● Directions for this task
Word for word, write the records out again, but omit each picture.

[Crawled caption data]
%%

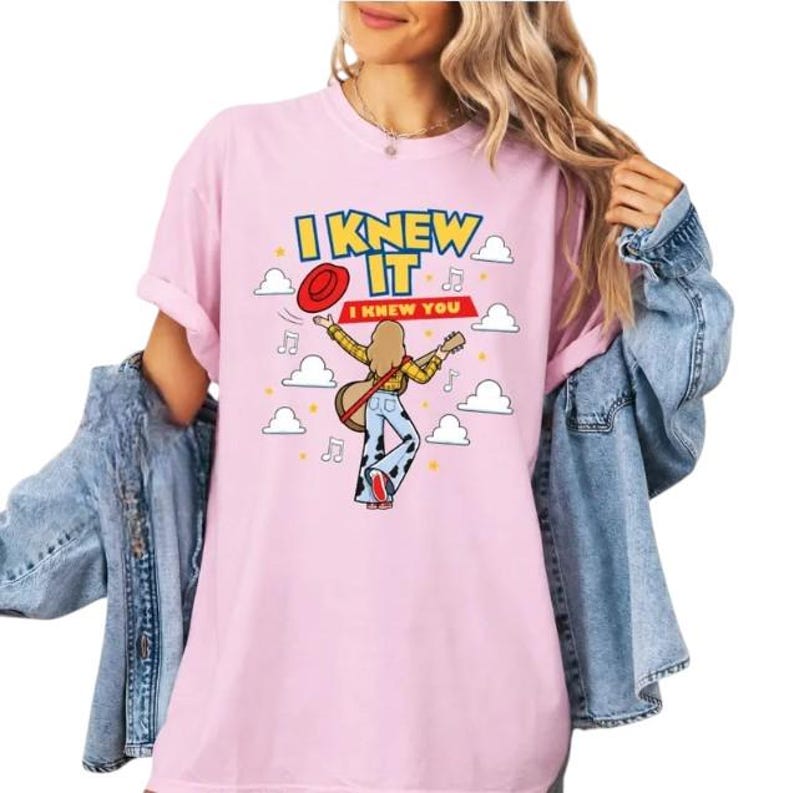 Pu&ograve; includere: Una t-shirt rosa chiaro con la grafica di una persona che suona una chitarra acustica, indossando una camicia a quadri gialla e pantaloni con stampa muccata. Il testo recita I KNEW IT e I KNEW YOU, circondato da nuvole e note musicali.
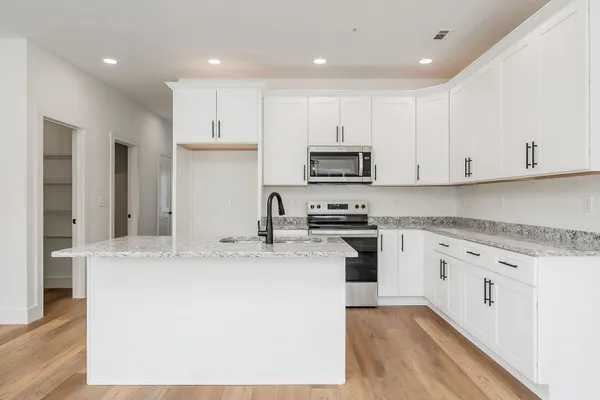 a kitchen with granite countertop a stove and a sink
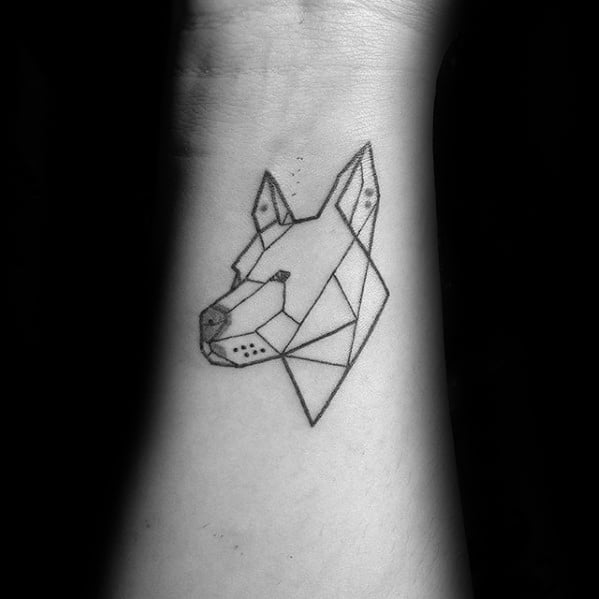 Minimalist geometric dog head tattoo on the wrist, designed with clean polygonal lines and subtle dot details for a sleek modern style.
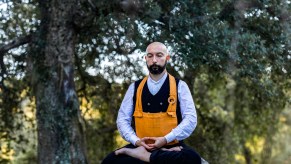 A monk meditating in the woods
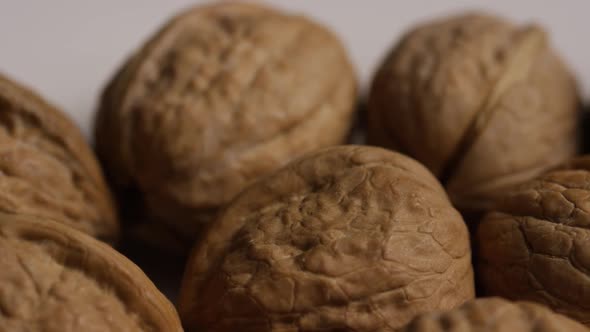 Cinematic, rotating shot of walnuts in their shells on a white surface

%%

● Exercise result
 Pu&ograve; includere: Una t-shirt rosa chiaro con la grafica di una persona che suona una chitarra acustica, indossando una camicia a quadri gialla e pantaloni con stampa muccata. Il testo recita I KNEW IT e I KNEW YOU, circondato da nuvole e note musicali.
 a kitchen with granite countertop a stove and a sink
 Minimalist geometric dog head tattoo on the wrist, designed with clean polygonal lines and subtle dot details for a sleek modern style.
 A monk meditating in the woods
 Cinematic, rotating shot of walnuts in their shells on a white surface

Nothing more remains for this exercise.